All jobs are different, some requiring more constant focus that others; i.e. it’s called customer-facing for a reason, you’re there to be available to help the customer. Bottom line is the front line.
Having walked those shoes, I don’t look down on those serving my food or running call center customer service — it is very hard work and I appreciate it when it’s done well. What I don’t appreciate is when the person doing my pedicure stops. To answer their sodding cell phone.

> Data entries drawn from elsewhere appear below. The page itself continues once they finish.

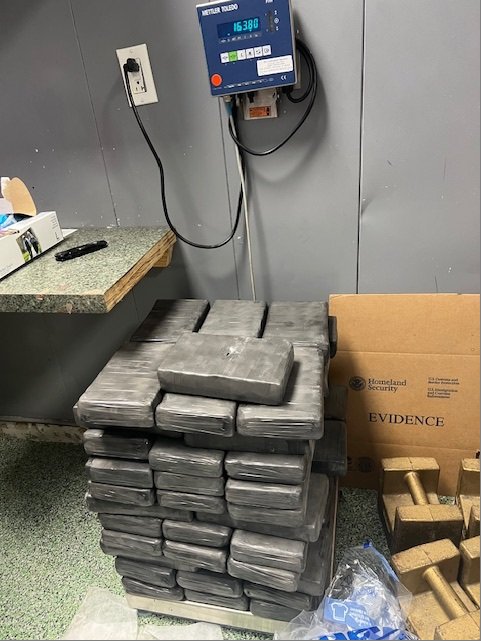 ANOTHER COCAINE SEIZURE!  Phenomenal work by our Border Patrol agents at our Javier Vega, Jr. Immigration Checkpoint near Sarita, TX for seizing over 163 lbs. of cocaine valued at $5,150,612.  The occupants of the vehicle will be charged with 21 USC 841 and 846. 🇺🇸💚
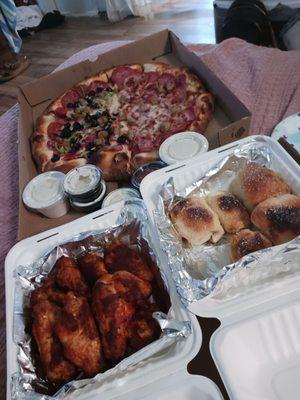 Half rigos combo Half meat lovers Spicy wings Stuffed garlic rolls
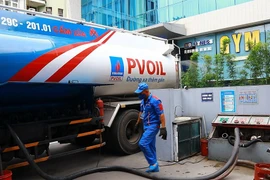 Hausse des prix des carburants à partir du 5 juin. Photo: VNA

Two rules of calling etiquette I learned as a child: 1) 9-to-9; don’t call first thing in the morning or late at night. Phone rings real late, usually not a good thing. 2) You don’t call people at work. When Mom was at work, she was working dammit. Any questions or concerns were to be directed to my designated adult supervisors, operating under their respective marching orders. (Picture a big flowchart with questions like ‘well, does it cost money?’ and all paths leading to “No” and if you called at work, “Hell NO.”)
We’ve all been there, work is distracted by more work; I’m talking about non-emergency personal business. And if haven’t figured out this is a code yellow! rant, now you know.
I am over the cell phone, the need to be reachable 24/7. Double so when more often than not, it’s FOMO and want not imminent-Zombie-attack need.
I’ve been in line at the post office, only to have the clerk walk off to take what’s clearly a personal (could, should wait) call.
It’s annoying – the personal interrupting and distracting from the professional, particularly when you’re left waiting or to pick up the slack.
Even before the cell phone, I’ve worked with people always glued to their phone, never having time to do what needed to get done.
And I am tired the excuses.
NO. Voicemail. Texts. Whatever it is, it can wait. Usually.
One reason Balance is so hard to find is because we have set ourselves up to fail. The smartphone is supposed to be a convenience, instead.. it’s a master, a crutch, a bad habit.
We have social media policies to help guide professional behavior online; maybe it’s time to go back to basics, consider a workplace cellphone policy too. Or is it just me?